PROMPT.
From the line containing "Cama De Casal" through the last line of the records below, each line is to be repeated exactly; pictures are to be omitted.

EXERCISE INPUTS.
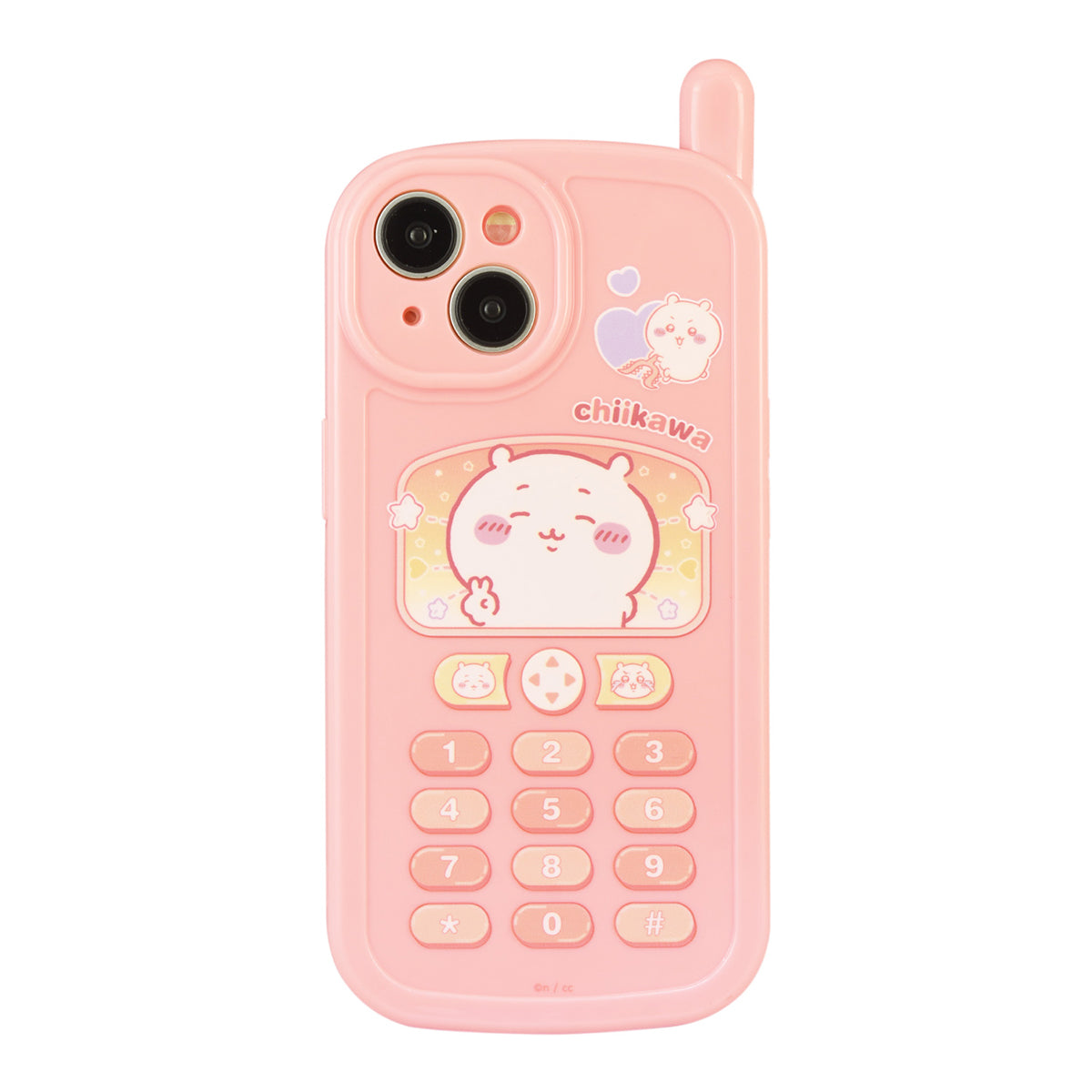 吉伊卡哇 iPhone兼容复古翻盖手机壳（吉伊卡哇）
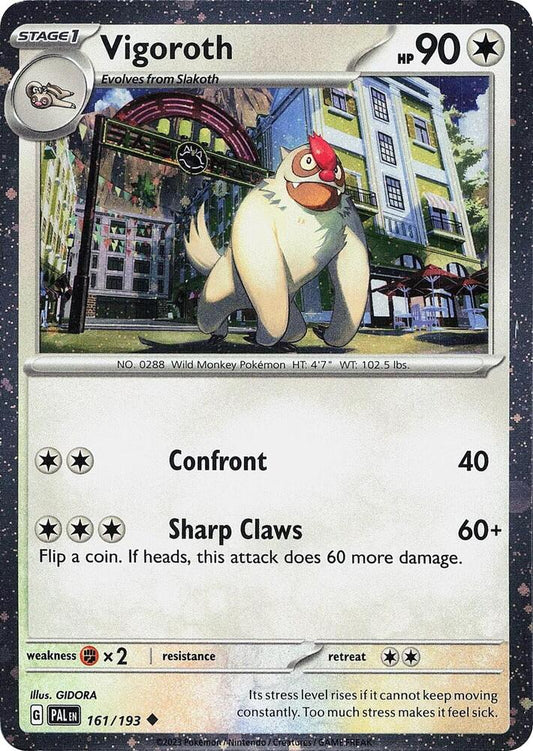 Vigoroth (Cosmos Holo) 161/193 Uncommon Miscellaneous Cards & Products Pokémon card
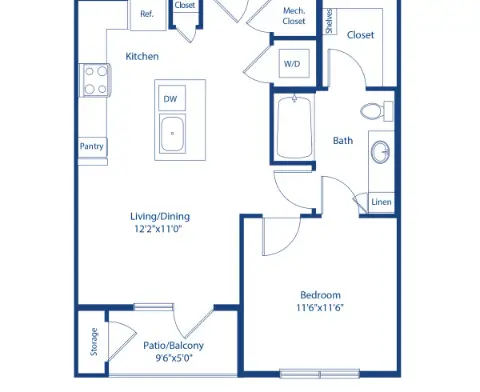 Camden Cypress Creek Houston Apartment Floor Plan 4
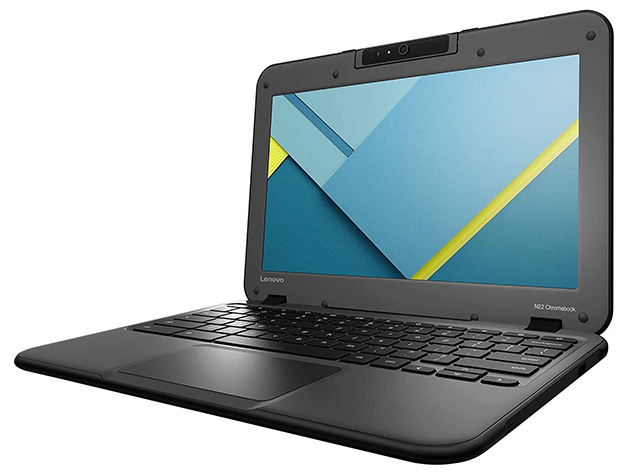 Lenovo 11.6” N22 Chromebook 4GB RAM 16GB - Black (Refurbished)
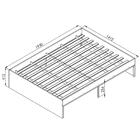 Cama De Casal 140cm Base Aço Artetube A05 Montana/preto - Mpo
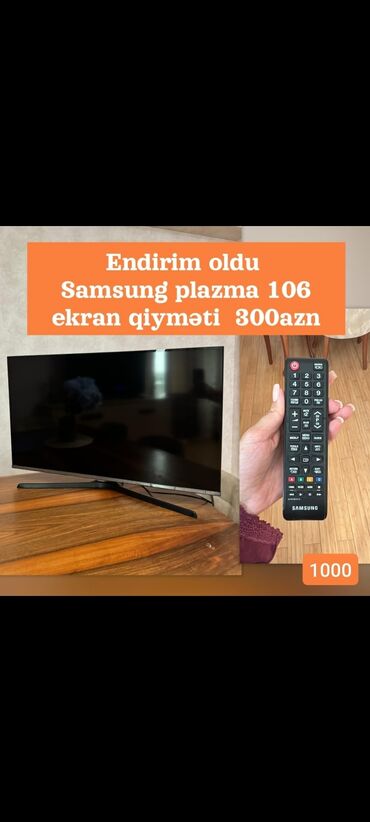 Televizorlar: İşlənmiş Televizor Samsung LCD FHD (1920x1080), Ünvandan götürmə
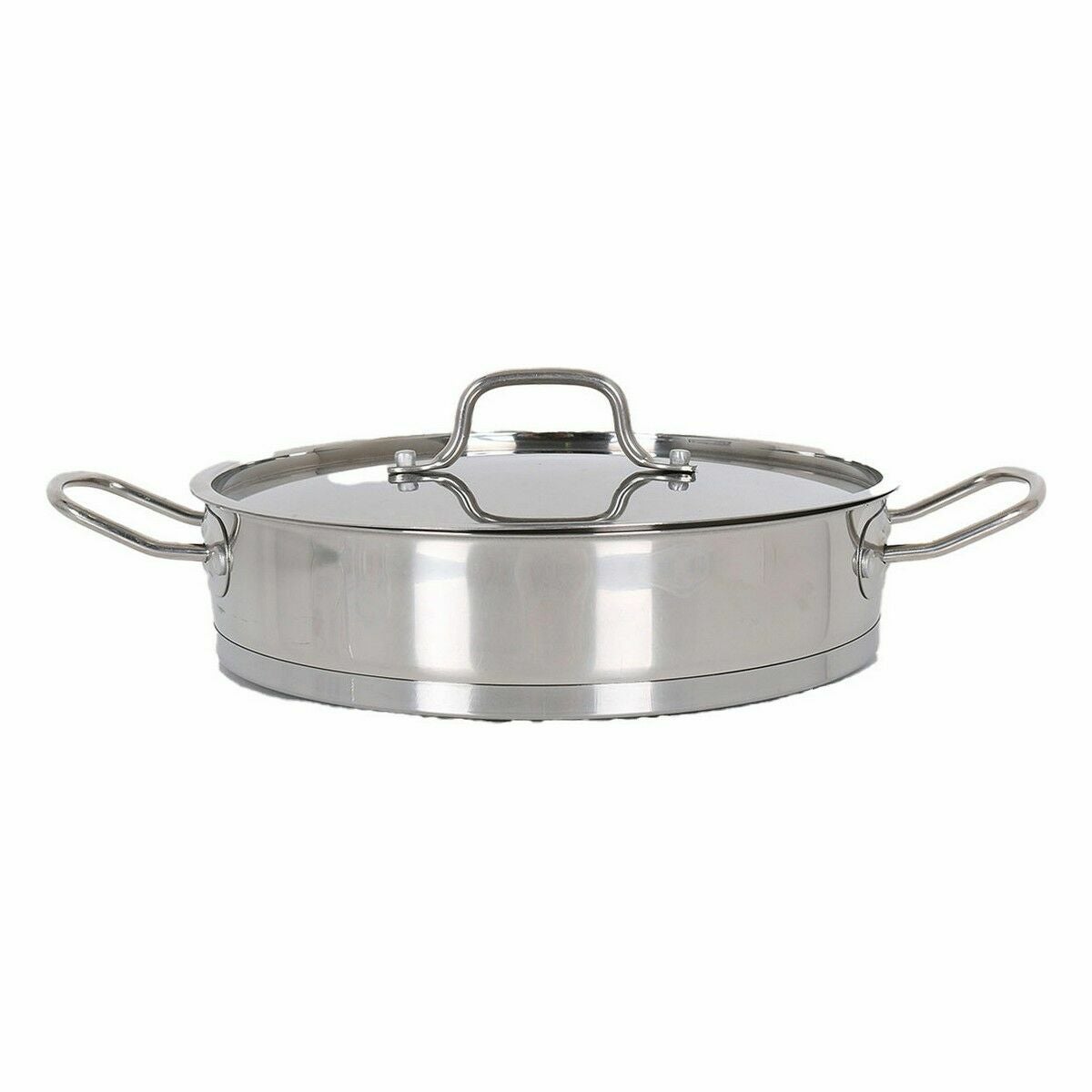 Quttin Casseruola Con Coperchio In Vetro – 2,2 Litri – Adatta A Induzione (Ø 24 X 6 Cm)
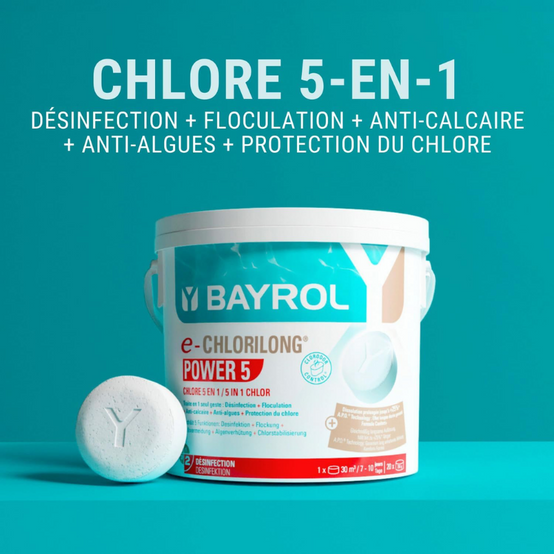 Chlore multifonctions Bayrol Chlorilong Power 5 fonctions - 5 kg - Image 3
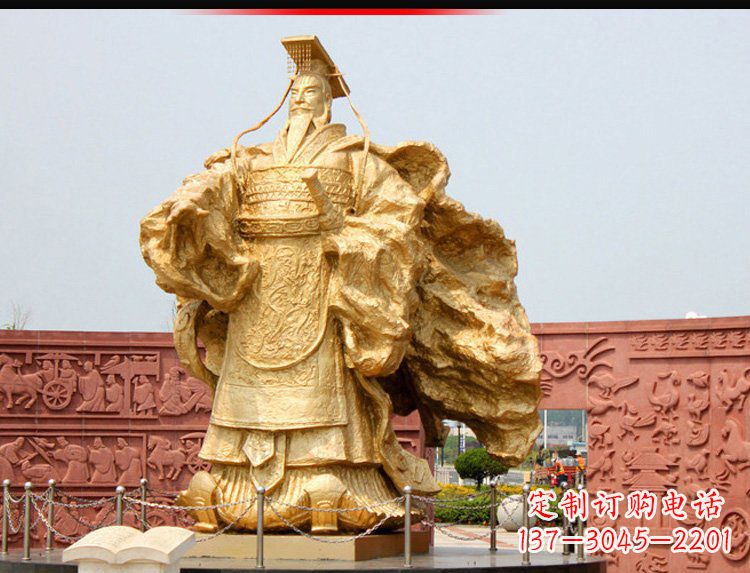 河南汉武帝铜雕,精致绝伦,彰显大汉尊贵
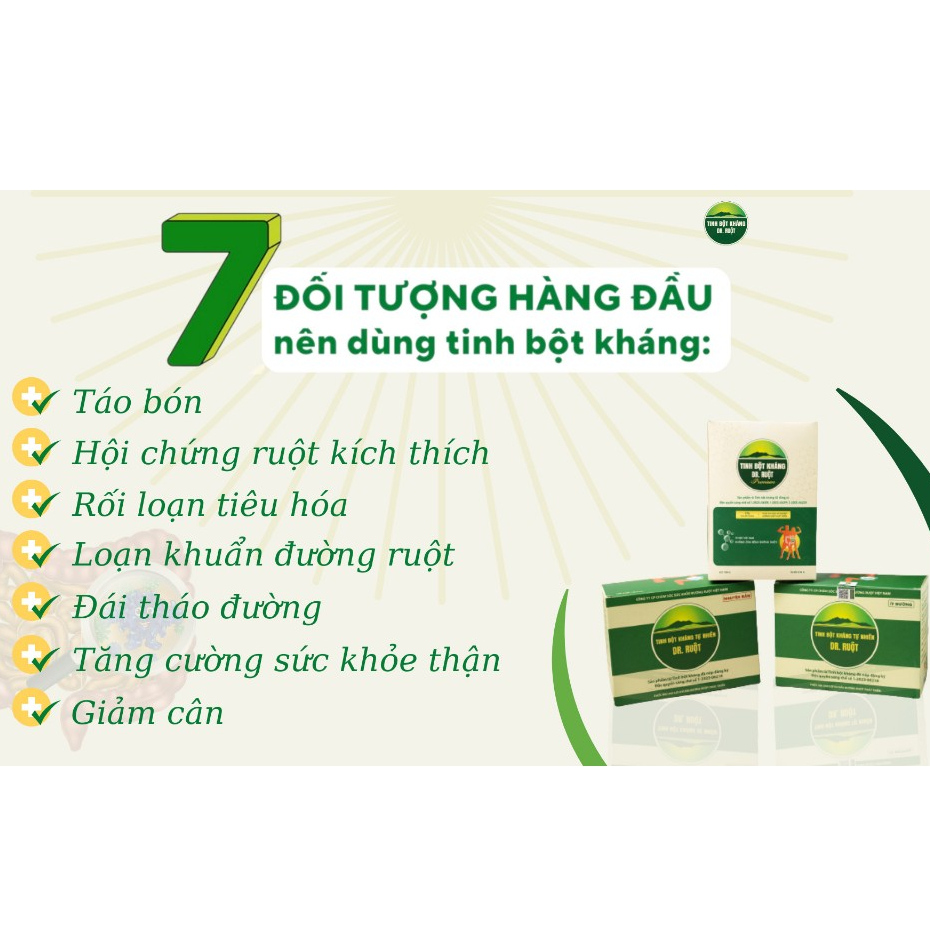 Tinh Bột Kháng Dr. Ruột Việt Nam 17% PREMIUM Giảm Táo Bón Tiêu Chảy Đại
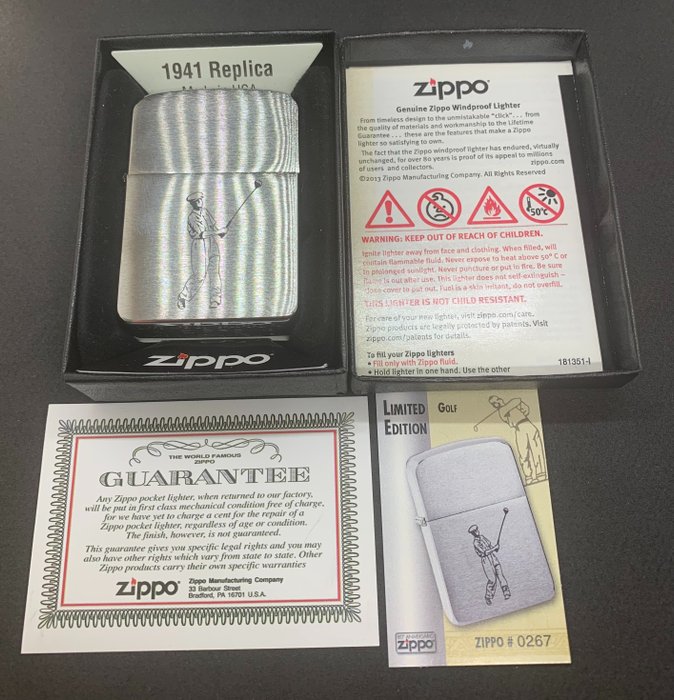 Zippo - Zippo lighter Limited Edition 2016 Golfer - 打火機 - 黃銅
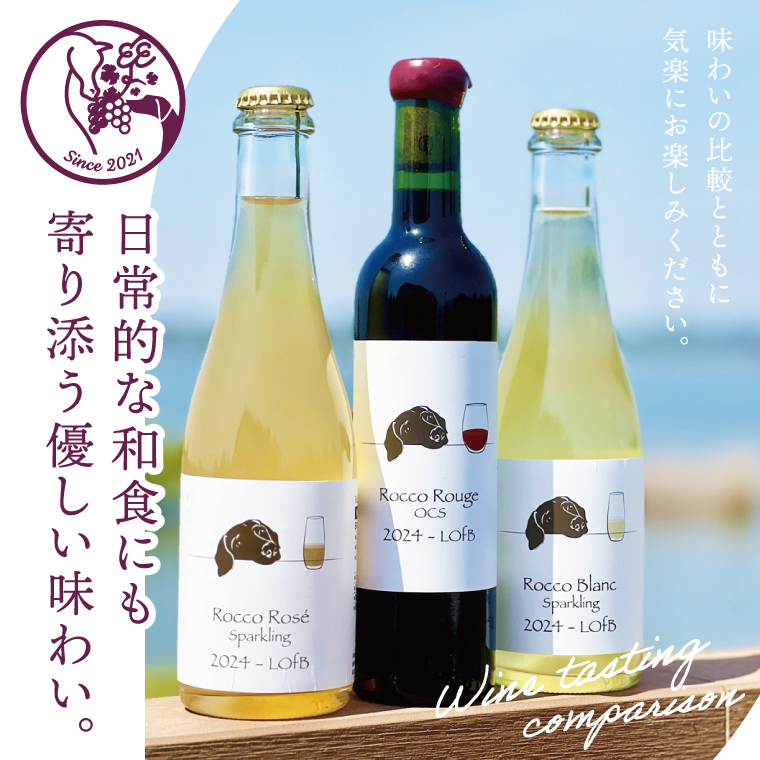 3種の2024ものハーフボトルセット～行方市内の自社畑ぶどう（2024年収穫）で醸造したワイン～｜ワイン  ボトルワイン 酒 お酒 酒類 赤ワイン スパークリングワイン ボトル ぶどう セット ワインセット 茨城県 行方市(GQ-8)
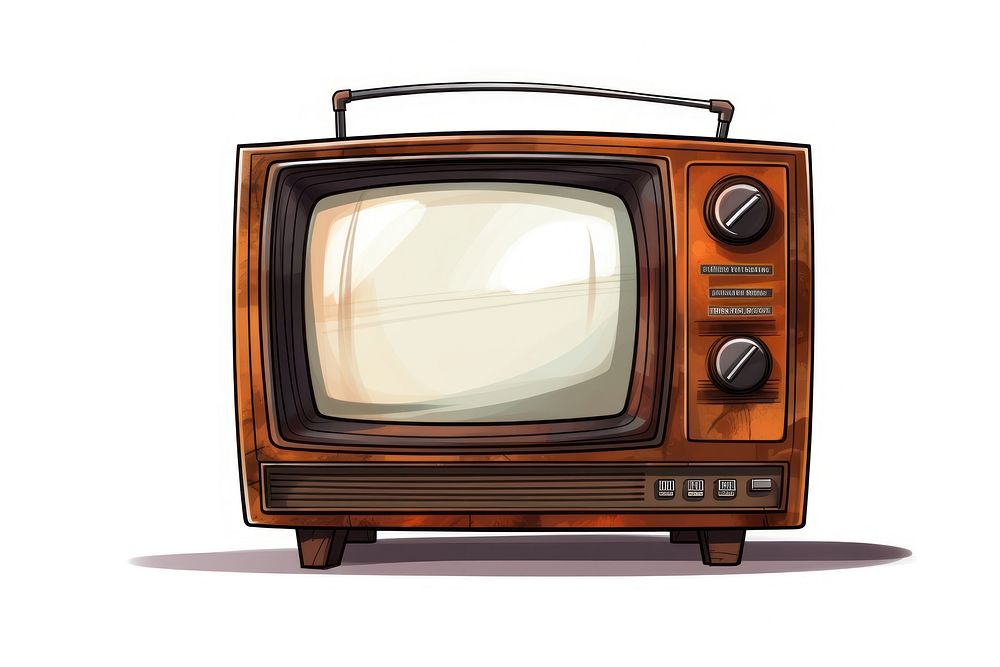 Television white background transportation electronics. AI generated Image by rawpixel.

ANSWER SPACE.
 Cama De Casal 140cm Base Aço Artetube A05 Montana/preto - Mpo
 Televizorlar: İşlənmiş Televizor Samsung LCD FHD (1920x1080), Ünvandan götürmə
 Quttin Casseruola Con Coperchio In Vetro – 2,2 Litri – Adatta A Induzione (Ø 24 X 6 Cm)
 Chlore multifonctions Bayrol Chlorilong Power 5 fonctions - 5 kg - Image 3
 河南汉武帝铜雕,精致绝伦,彰显大汉尊贵
 Tinh Bột Kháng Dr. Ruột Việt Nam 17% PREMIUM Giảm Táo Bón Tiêu Chảy Đại
 Zippo - Zippo lighter Limited Edition 2016 Golfer - 打火機 - 黃銅
 3種の2024ものハーフボトルセット～行方市内の自社畑ぶどう（2024年収穫）で醸造したワイン～｜ワイン  ボトルワイン 酒 お酒 酒類 赤ワイン スパークリングワイン ボトル ぶどう セット ワインセット 茨城県 行方市(GQ-8)
 Television white background transportation electronics. AI generated Image by rawpixel.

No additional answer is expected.